Andrea Nahles, the General Secretary of Germany‘s Social Democratic Party, proposed a “data for all” policy in the Handelsblatt last August. Justus Haucap, an expert in the field of competition regulation, welcomed the suggestion and stated the challenge in broader terms: you need to open access to the resource that is the cause of monopolistic advantage in the same way transport and telecom networks have been opened up in the past.

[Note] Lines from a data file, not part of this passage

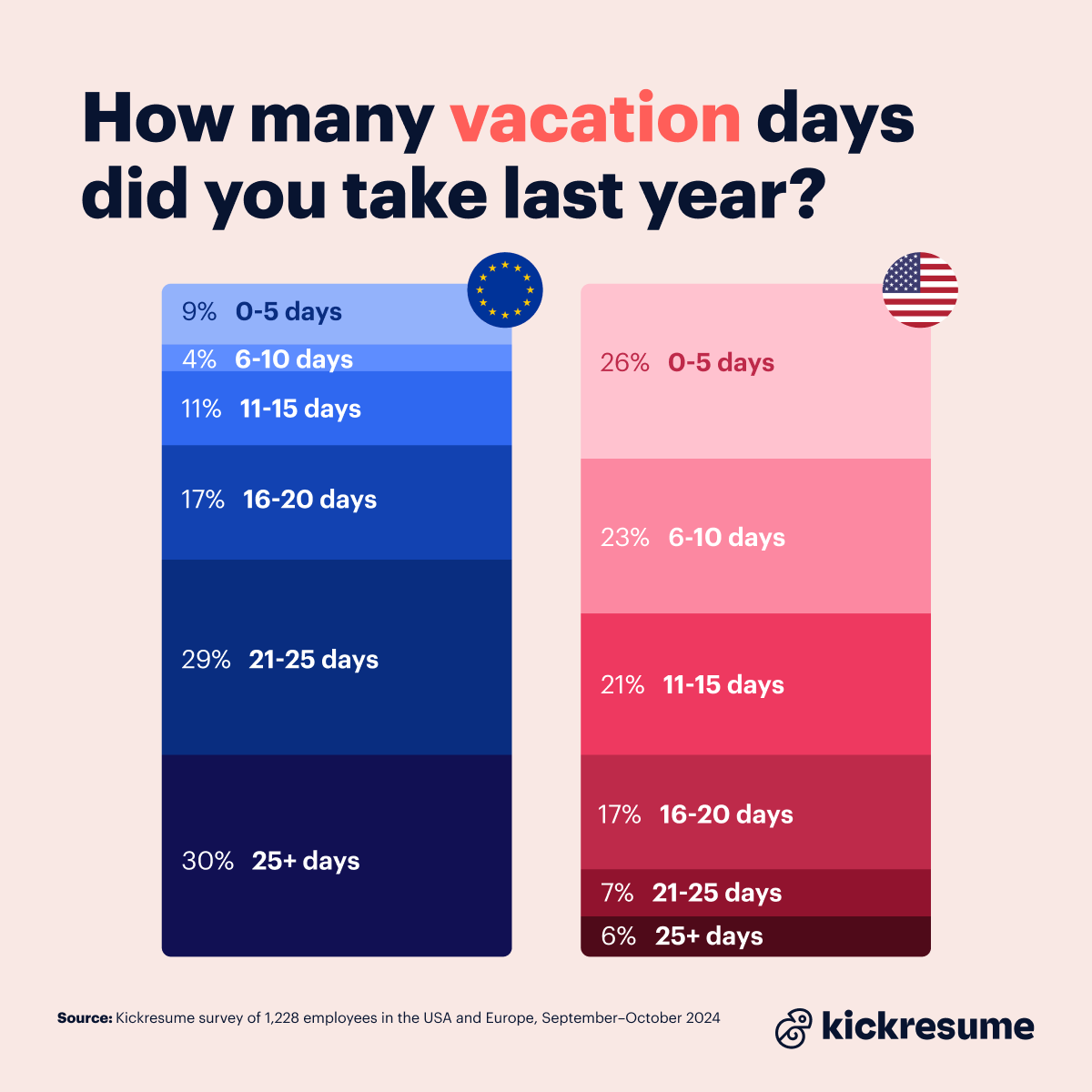 Vacation per year EU vs US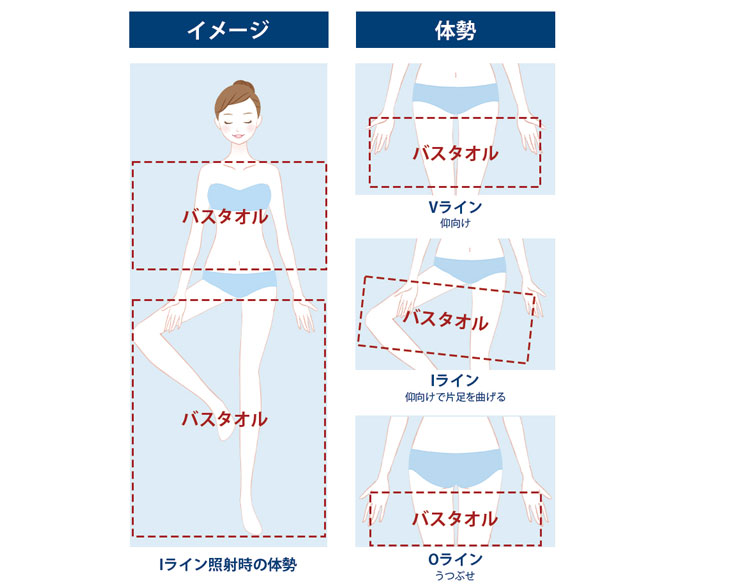 VIOの恥ずかしさ対策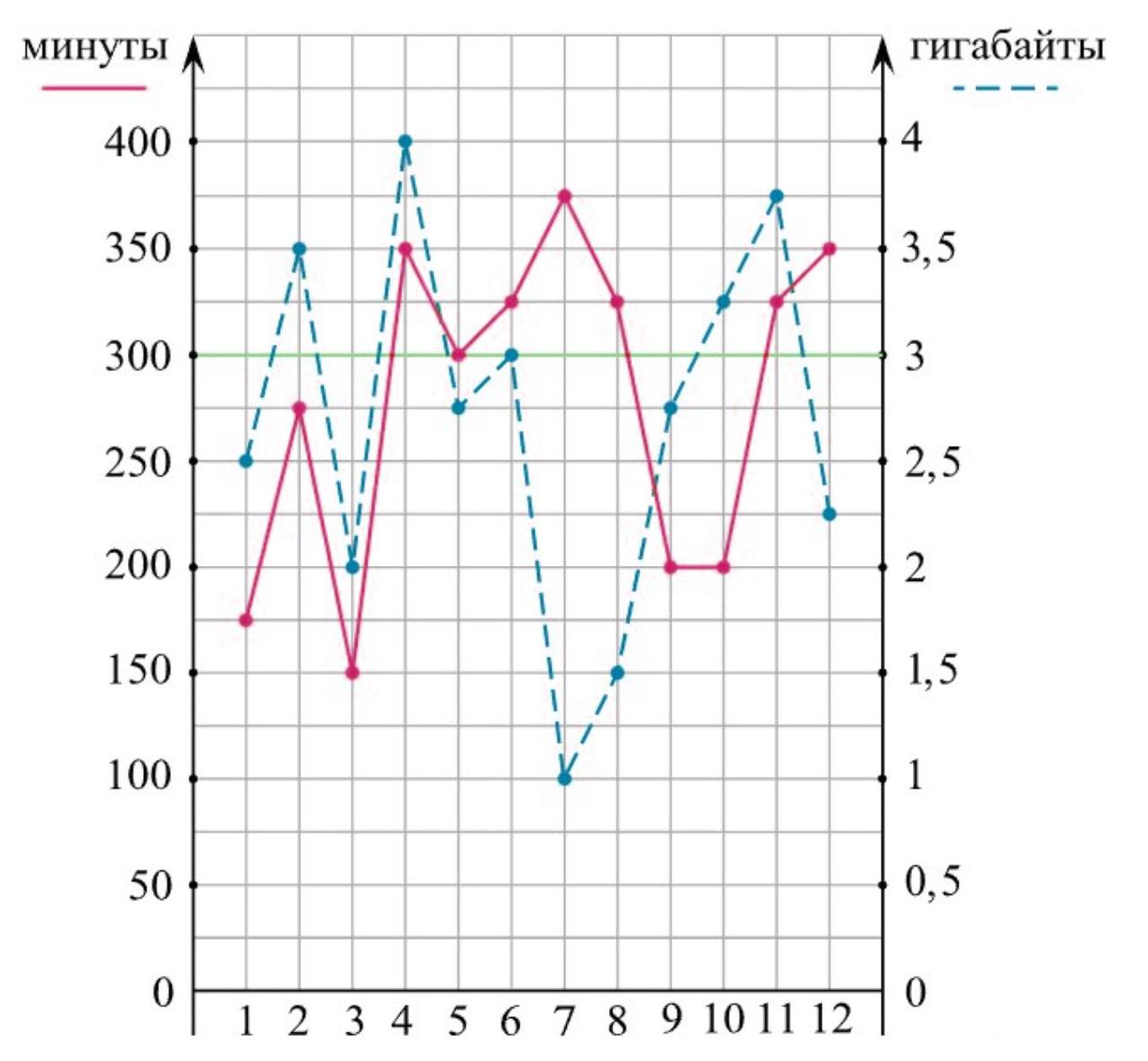 Иллюстрация к заданию 32262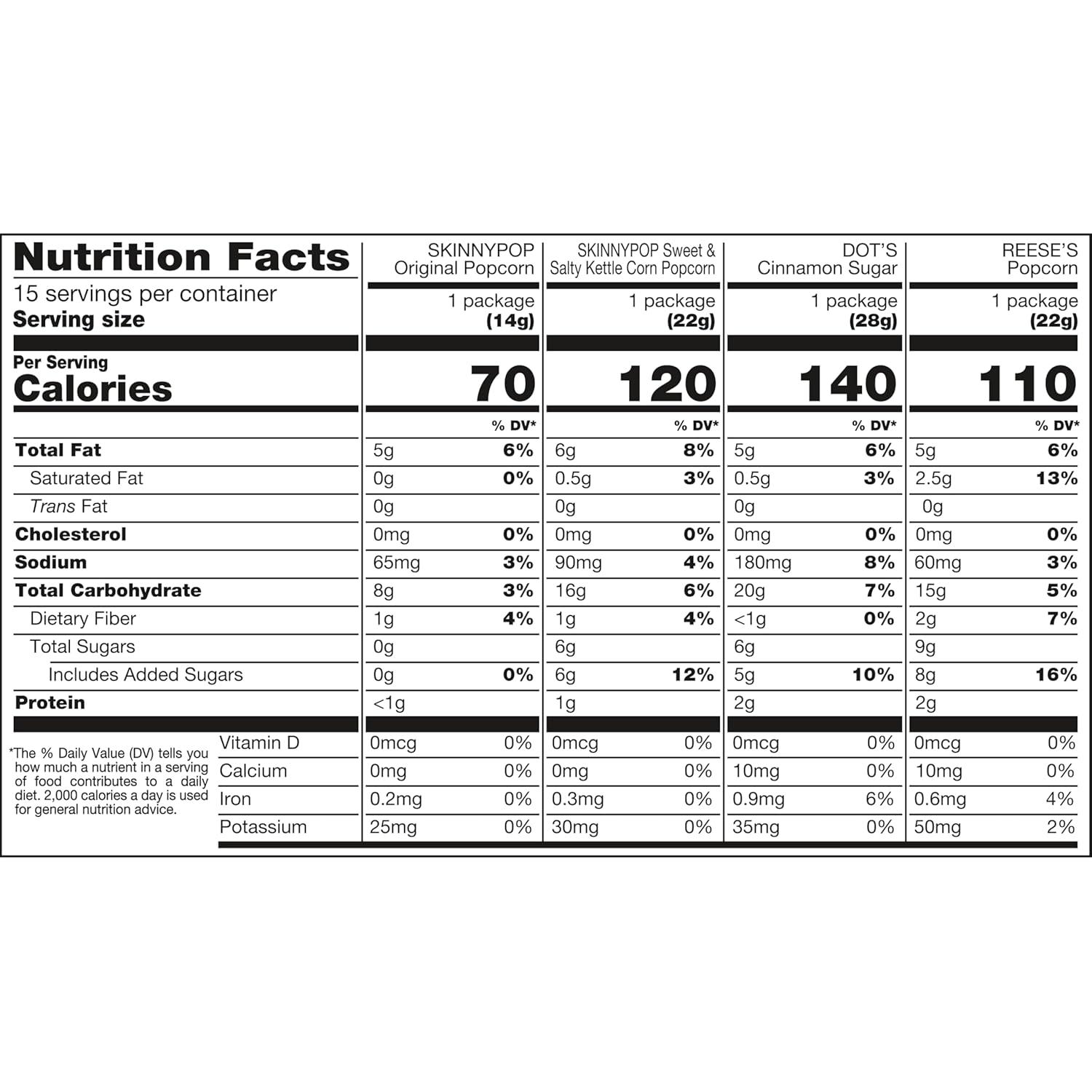 image:imageSkinnyPop Popcorn Original Whole Grain DairyFree Snack 065oz Bags 6ctSweet Salty Multipack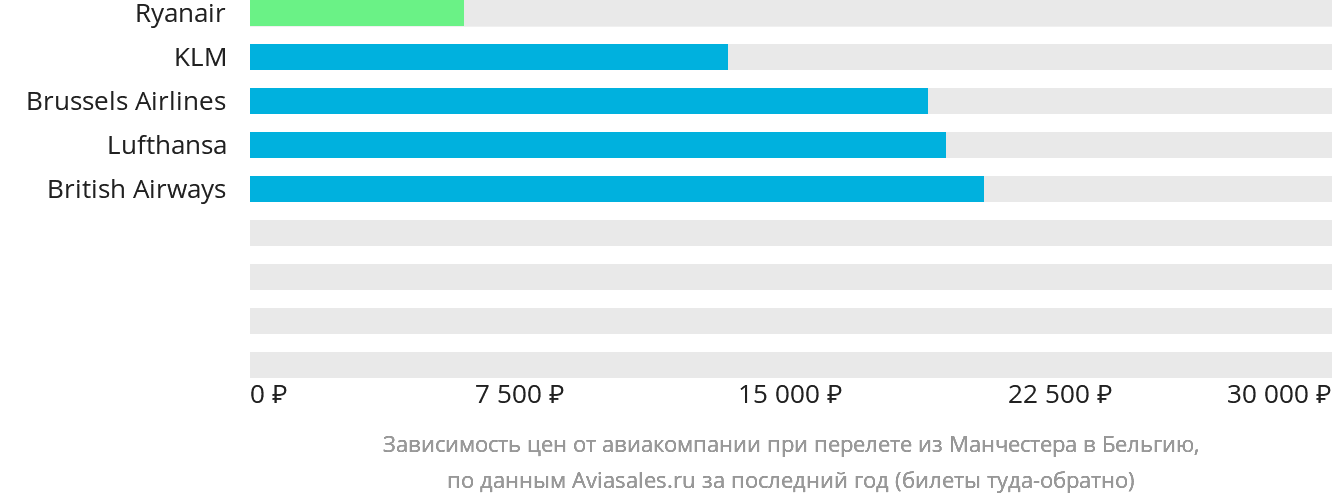 Динамика цен в зависимости от авиакомпании, совершающей перелёт из Манчестера в Бельгию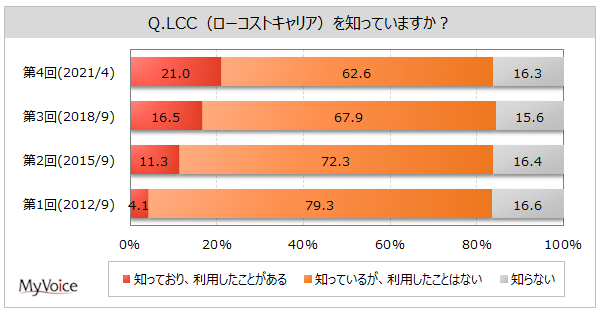 LCC̔Fm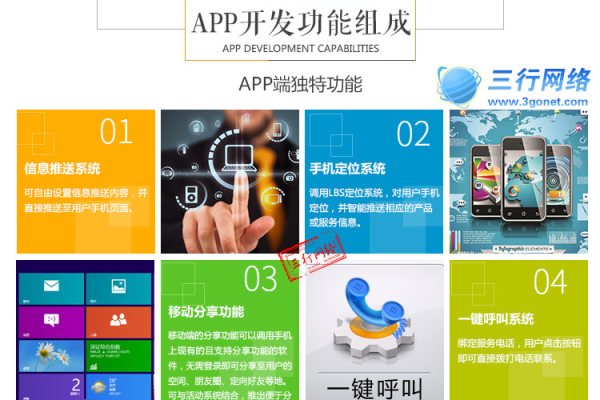 专业做app定制公司,做app软件大概多少钱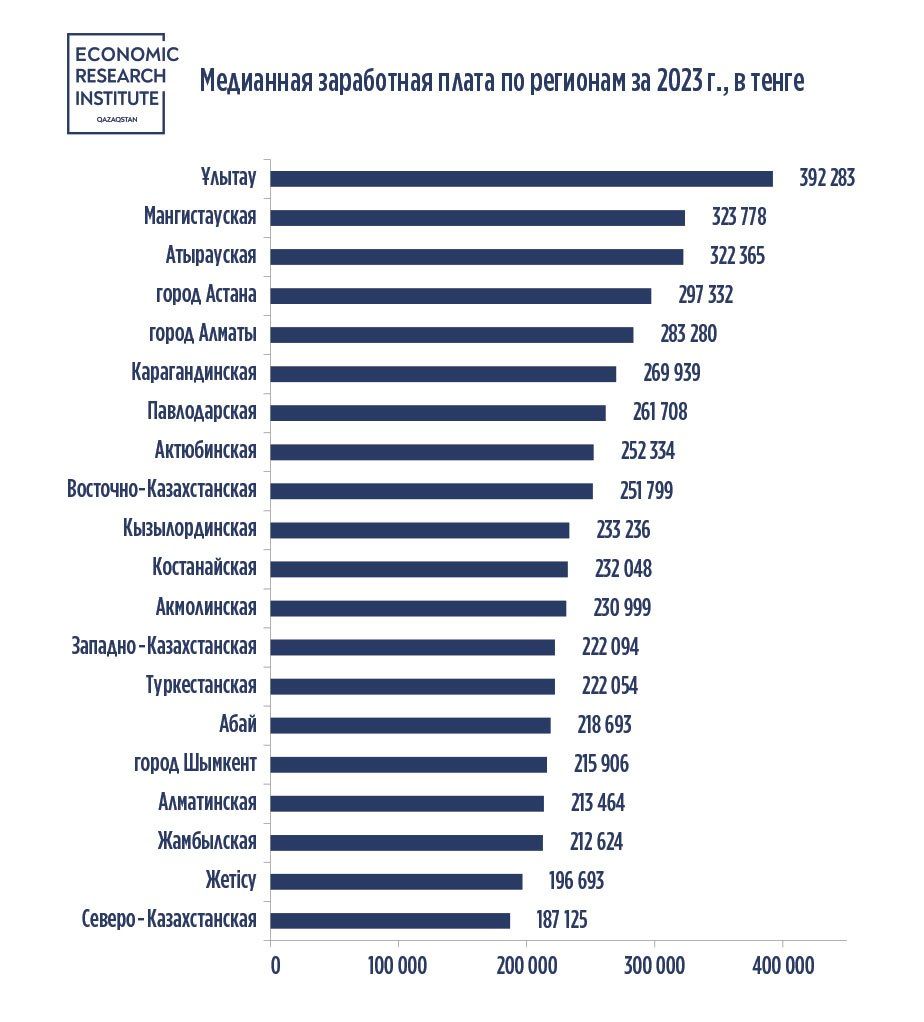 В каком регионе можно накопить миллион тенге быстрее всего 2832446 — Kapital.kz 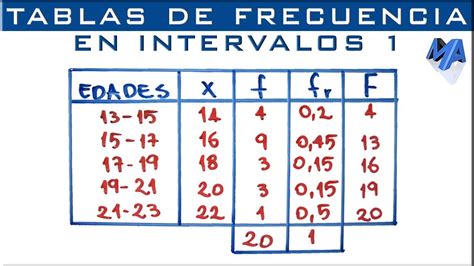 Para Qu Sirven Las Tablas De Frecuencia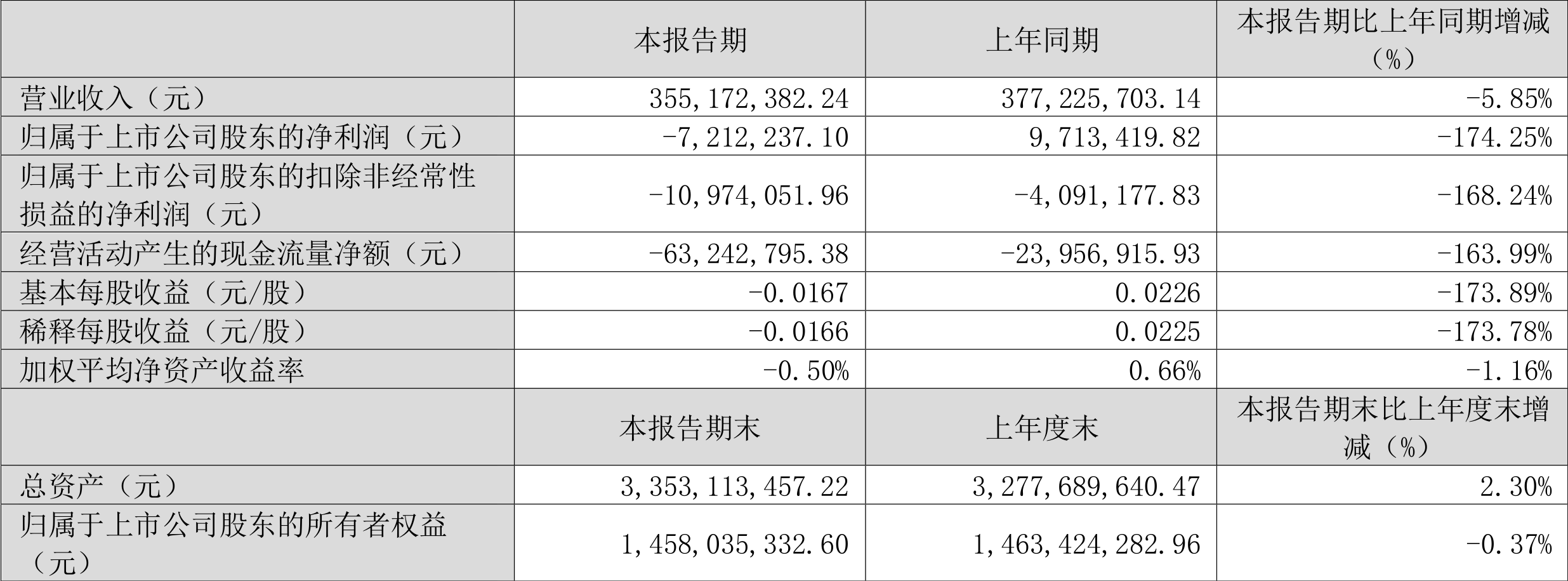 川润股份：2023年一季度亏损721.22万元-基金002272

Alas, only some network effects are the result of “big data” and I think this is a crucial point, missing from both Nahles’ proposal and Haucap’s evaluation of it. Most network effects are a result of an extremely loyal user base with little incentive to leave but every incentive to stay. Who would favour a WhatsApp clone if no-one else used it, or boycott PayPal if few shops offered an alternative form of payment? Future regulation strategies must take this into account as much as data. Treating access to databases of users like power lines or transmission frequencies will open up a can of worms with data protection written all over it.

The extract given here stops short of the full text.